> _Problem requirements_
Output only the lines that run from the line holding "عکس پروفایل خوشبختی یعنی پسرم" to the end of the data below, including both ends, without any pictures.

> _Data segment_
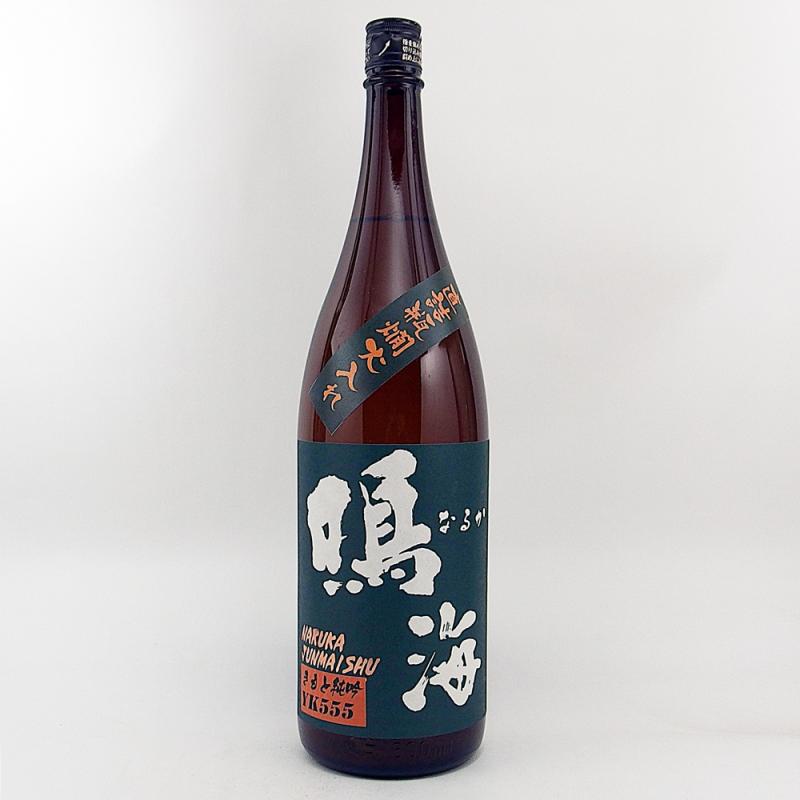 鳴海 生酛純米吟醸YK555 直詰め瓶燗火入れ 1800ml 鳴海 生酛純米吟醸YK555 直詰め瓶燗火入れ 1800ml
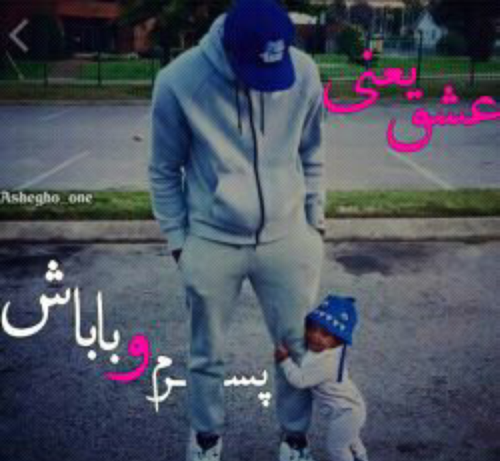 عکس پروفایل خوشبختی یعنی پسرم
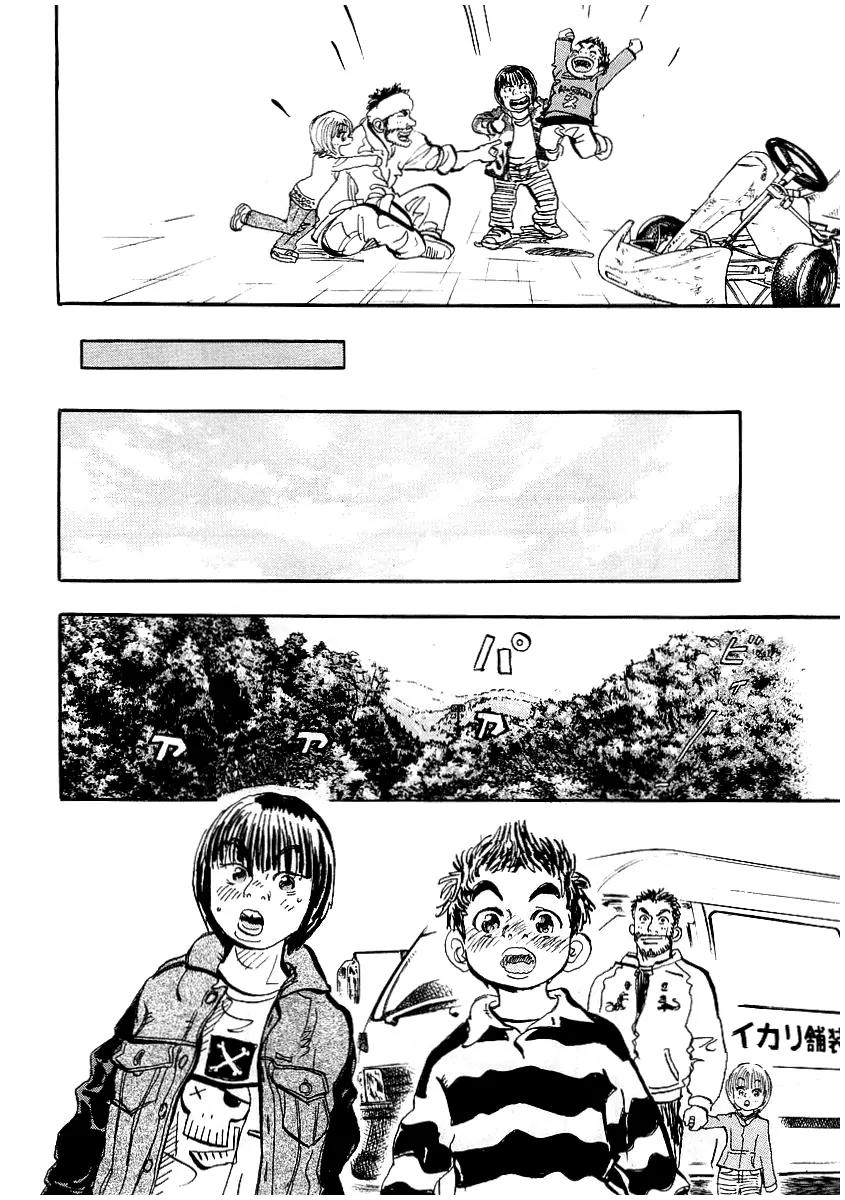 Capeta chapter 3 page 33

> _Response area_
 عکس پروفایل خوشبختی یعنی پسرم
 Capeta chapter 3 page 33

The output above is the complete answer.